Write every line of the following listing exactly as it reads.
Start of Data to process
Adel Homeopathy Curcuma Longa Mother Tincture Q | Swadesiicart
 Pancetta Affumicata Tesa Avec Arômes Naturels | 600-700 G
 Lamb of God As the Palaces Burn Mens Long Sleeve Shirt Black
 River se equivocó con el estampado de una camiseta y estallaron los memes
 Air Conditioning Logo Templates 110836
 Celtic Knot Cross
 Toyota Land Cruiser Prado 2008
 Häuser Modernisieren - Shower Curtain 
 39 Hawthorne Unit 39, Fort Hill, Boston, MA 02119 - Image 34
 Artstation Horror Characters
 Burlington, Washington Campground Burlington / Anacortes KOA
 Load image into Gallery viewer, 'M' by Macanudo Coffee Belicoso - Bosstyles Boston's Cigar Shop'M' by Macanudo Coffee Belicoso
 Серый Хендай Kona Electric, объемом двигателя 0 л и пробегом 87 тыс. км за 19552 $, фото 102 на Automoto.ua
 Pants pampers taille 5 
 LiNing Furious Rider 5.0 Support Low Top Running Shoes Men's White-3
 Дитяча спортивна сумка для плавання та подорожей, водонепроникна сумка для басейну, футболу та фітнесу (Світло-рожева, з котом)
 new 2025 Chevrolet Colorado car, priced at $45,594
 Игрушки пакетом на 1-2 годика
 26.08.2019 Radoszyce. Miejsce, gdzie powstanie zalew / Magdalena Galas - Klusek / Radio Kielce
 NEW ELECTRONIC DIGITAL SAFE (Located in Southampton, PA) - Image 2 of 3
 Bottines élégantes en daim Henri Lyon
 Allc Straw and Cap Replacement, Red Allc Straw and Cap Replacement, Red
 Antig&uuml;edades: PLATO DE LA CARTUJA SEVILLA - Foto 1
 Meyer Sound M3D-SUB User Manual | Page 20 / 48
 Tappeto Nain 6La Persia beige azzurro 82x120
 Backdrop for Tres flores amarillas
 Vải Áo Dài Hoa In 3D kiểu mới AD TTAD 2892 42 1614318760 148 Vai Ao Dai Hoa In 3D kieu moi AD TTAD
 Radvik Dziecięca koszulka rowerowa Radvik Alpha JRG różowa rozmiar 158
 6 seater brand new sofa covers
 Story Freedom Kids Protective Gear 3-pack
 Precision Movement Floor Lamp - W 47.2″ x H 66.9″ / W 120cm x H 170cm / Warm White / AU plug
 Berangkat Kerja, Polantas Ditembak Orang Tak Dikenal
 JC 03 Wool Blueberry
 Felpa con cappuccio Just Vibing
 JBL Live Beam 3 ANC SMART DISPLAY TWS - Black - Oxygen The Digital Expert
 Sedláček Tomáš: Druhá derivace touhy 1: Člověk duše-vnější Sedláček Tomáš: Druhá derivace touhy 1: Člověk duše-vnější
End of Data to process
• Response area:
Adel Homeopathy Curcuma Longa Mother Tincture Q | Swadesiicart
 Pancetta Affumicata Tesa Avec Arômes Naturels | 600-700 G
 Lamb of God As the Palaces Burn Mens Long Sleeve Shirt Black
 River se equivocó con el estampado de una camiseta y estallaron los memes
 Air Conditioning Logo Templates 110836
 Celtic Knot Cross
 Toyota Land Cruiser Prado 2008
 Häuser Modernisieren - Shower Curtain 
 39 Hawthorne Unit 39, Fort Hill, Boston, MA 02119 - Image 34
 Artstation Horror Characters
 Burlington, Washington Campground Burlington / Anacortes KOA
 Load image into Gallery viewer, 'M' by Macanudo Coffee Belicoso - Bosstyles Boston's Cigar Shop'M' by Macanudo Coffee Belicoso
 Серый Хендай Kona Electric, объемом двигателя 0 л и пробегом 87 тыс. км за 19552 $, фото 102 на Automoto.ua
 Pants pampers taille 5 
 LiNing Furious Rider 5.0 Support Low Top Running Shoes Men's White-3
 Дитяча спортивна сумка для плавання та подорожей, водонепроникна сумка для басейну, футболу та фітнесу (Світло-рожева, з котом)
 new 2025 Chevrolet Colorado car, priced at $45,594
 Игрушки пакетом на 1-2 годика
 26.08.2019 Radoszyce. Miejsce, gdzie powstanie zalew / Magdalena Galas - Klusek / Radio Kielce
 NEW ELECTRONIC DIGITAL SAFE (Located in Southampton, PA) - Image 2 of 3
 Bottines élégantes en daim Henri Lyon
 Allc Straw and Cap Replacement, Red Allc Straw and Cap Replacement, Red
 Antig&uuml;edades: PLATO DE LA CARTUJA SEVILLA - Foto 1
 Meyer Sound M3D-SUB User Manual | Page 20 / 48
 Tappeto Nain 6La Persia beige azzurro 82x120
 Backdrop for Tres flores amarillas
 Vải Áo Dài Hoa In 3D kiểu mới AD TTAD 2892 42 1614318760 148 Vai Ao Dai Hoa In 3D kieu moi AD TTAD
 Radvik Dziecięca koszulka rowerowa Radvik Alpha JRG różowa rozmiar 158
 6 seater brand new sofa covers
 Story Freedom Kids Protective Gear 3-pack
 Precision Movement Floor Lamp - W 47.2″ x H 66.9″ / W 120cm x H 170cm / Warm White / AU plug
 Berangkat Kerja, Polantas Ditembak Orang Tak Dikenal
 JC 03 Wool Blueberry
 Felpa con cappuccio Just Vibing
 JBL Live Beam 3 ANC SMART DISPLAY TWS - Black - Oxygen The Digital Expert
 Sedláček Tomáš: Druhá derivace touhy 1: Člověk duše-vnější Sedláček Tomáš: Druhá derivace touhy 1: Člověk duše-vnější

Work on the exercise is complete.